Material supplied —
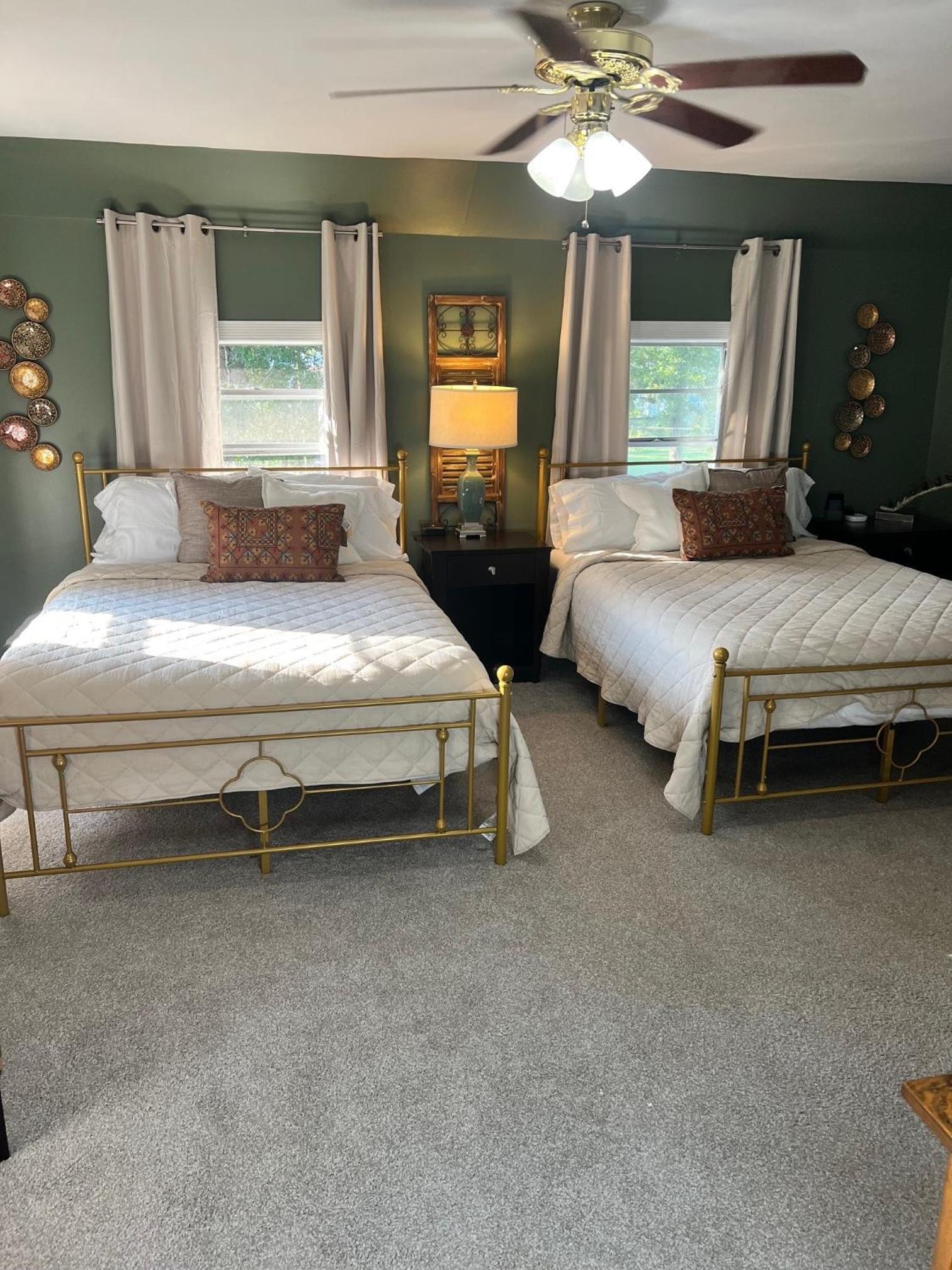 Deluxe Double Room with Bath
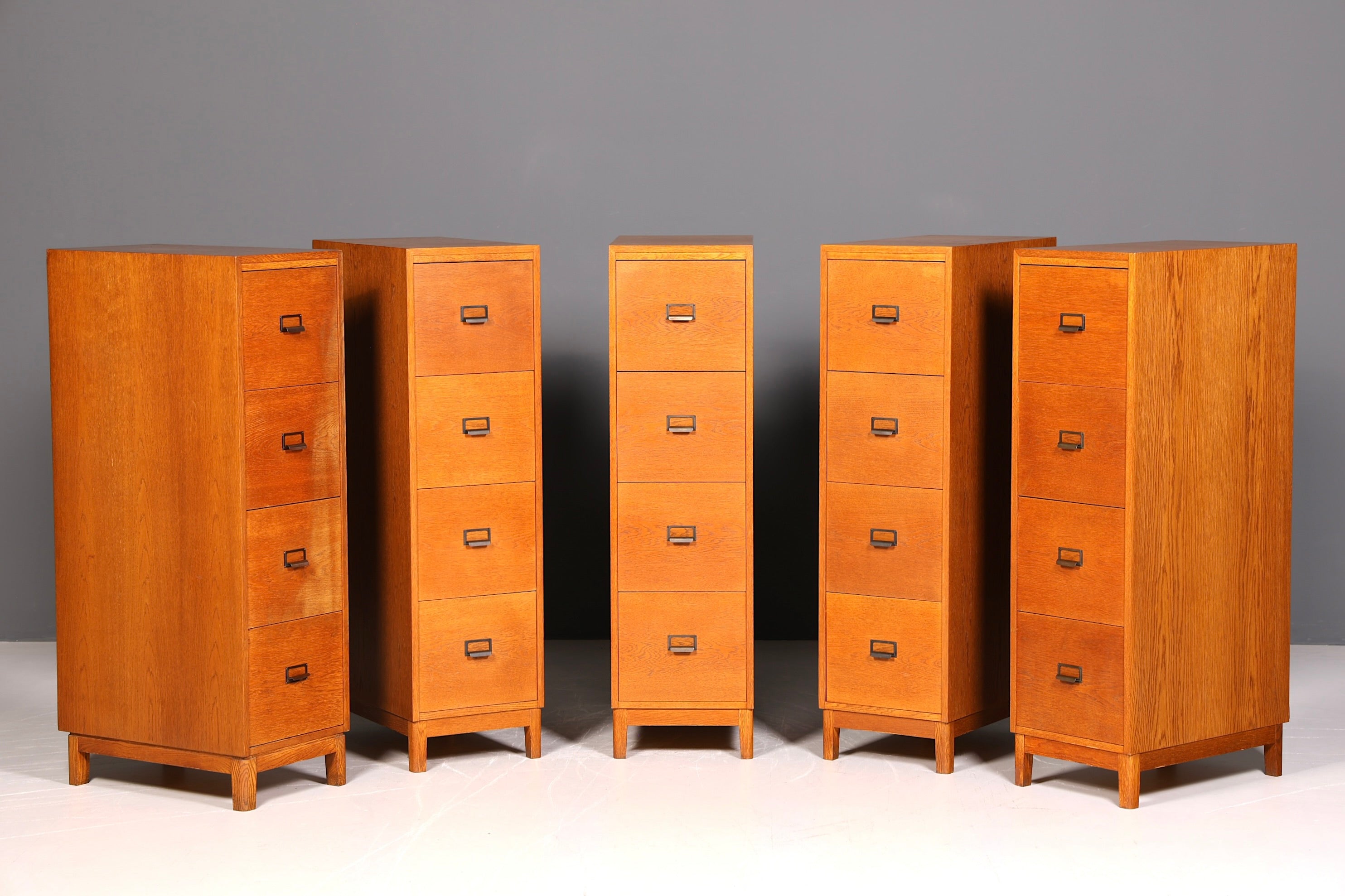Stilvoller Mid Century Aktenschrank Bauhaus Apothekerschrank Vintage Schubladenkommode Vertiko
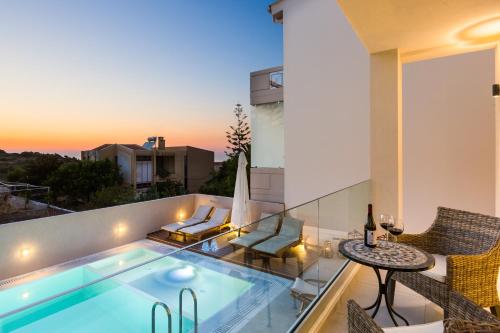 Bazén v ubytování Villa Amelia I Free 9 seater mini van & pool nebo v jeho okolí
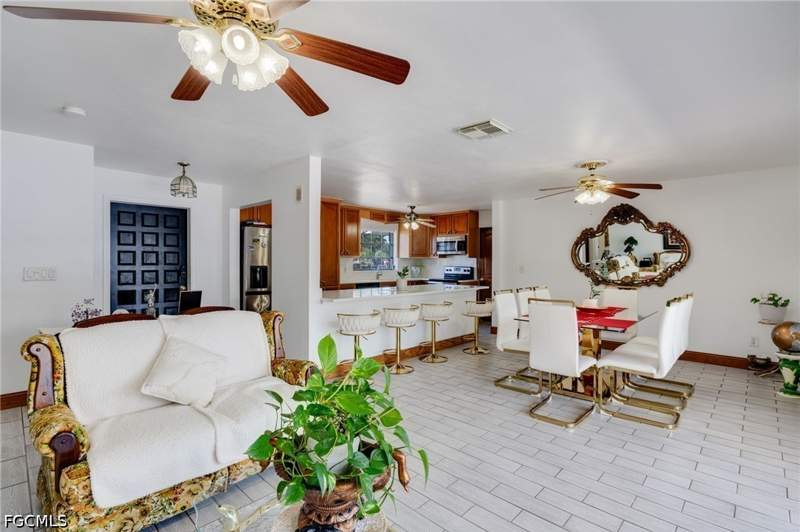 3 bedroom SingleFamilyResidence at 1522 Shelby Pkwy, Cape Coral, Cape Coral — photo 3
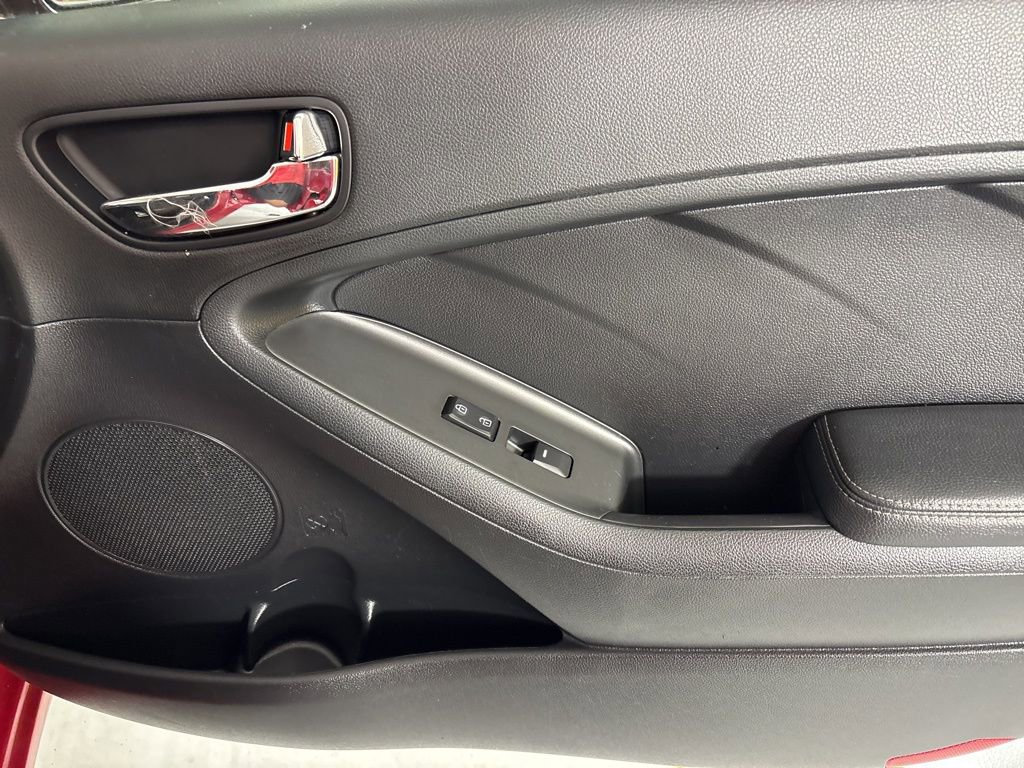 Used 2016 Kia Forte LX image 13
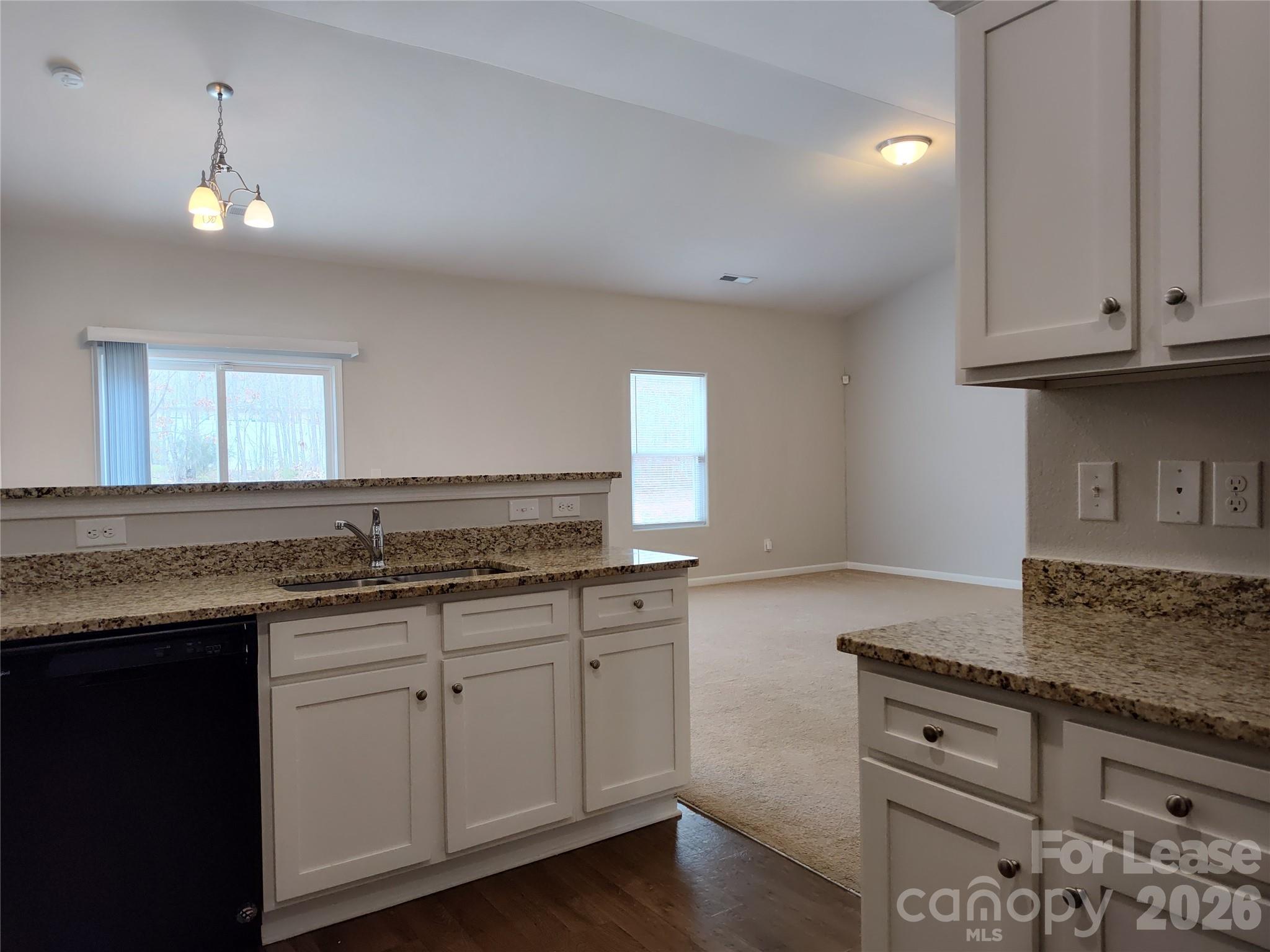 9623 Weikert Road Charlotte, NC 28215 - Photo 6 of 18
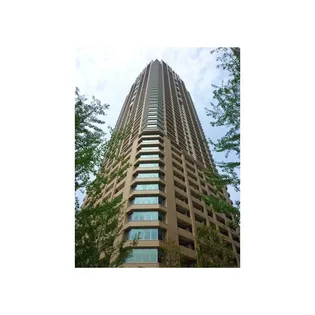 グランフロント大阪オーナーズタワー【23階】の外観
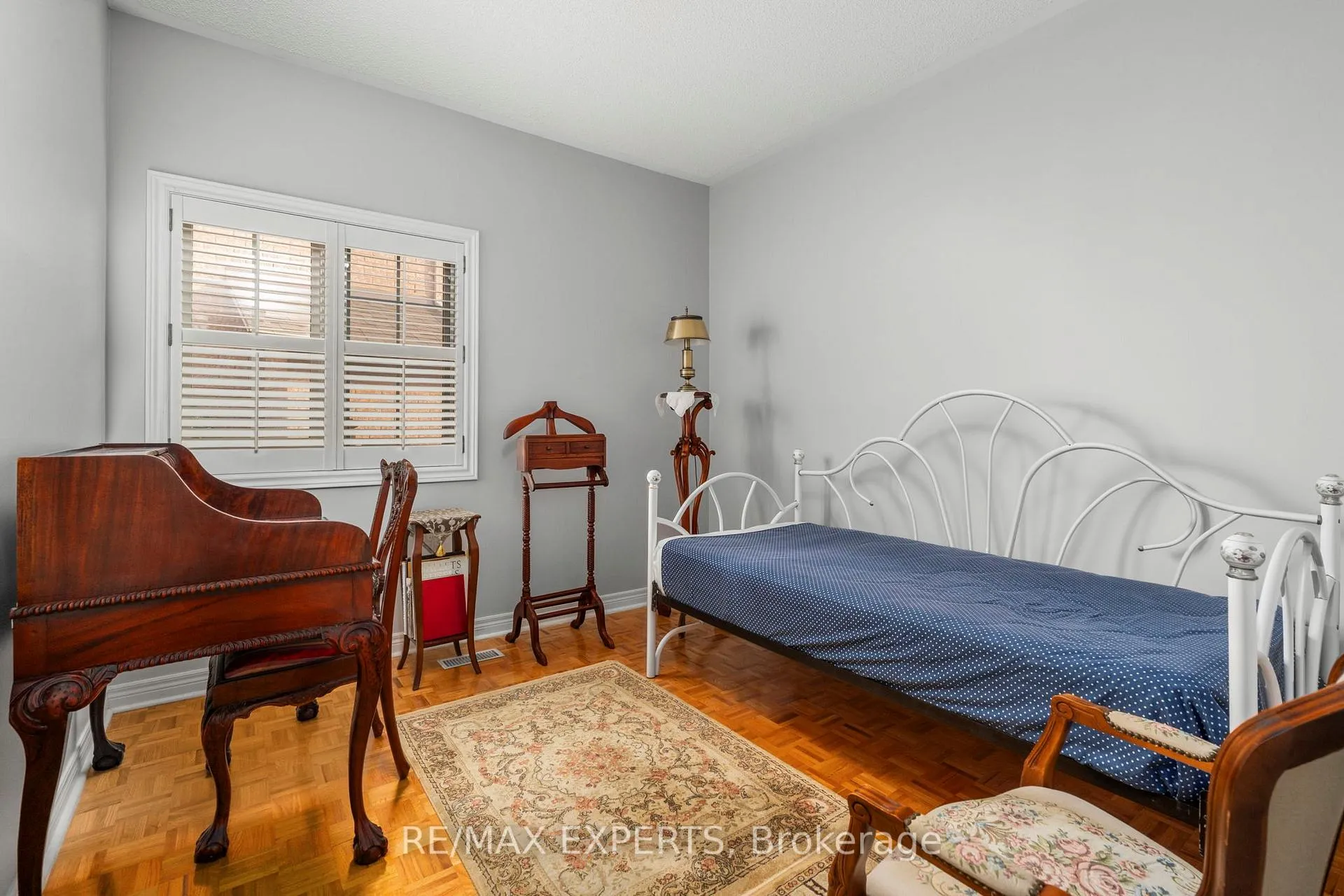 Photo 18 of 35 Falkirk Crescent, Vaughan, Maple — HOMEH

Task statement — Copy the listing exactly. No images belong in the copy.

Answer section —
 Deluxe Double Room with Bath
Stilvoller Mid Century Aktenschrank Bauhaus Apothekerschrank Vintage Schubladenkommode Vertiko
 Bazén v ubytování Villa Amelia I Free 9 seater mini van & pool nebo v jeho okolí
 3 bedroom SingleFamilyResidence at 1522 Shelby Pkwy, Cape Coral, Cape Coral — photo 3
 Used 2016 Kia Forte LX image 13
 9623 Weikert Road Charlotte, NC 28215 - Photo 6 of 18
 グランフロント大阪オーナーズタワー【23階】の外観
 Photo 18 of 35 Falkirk Crescent, Vaughan, Maple — HOMEH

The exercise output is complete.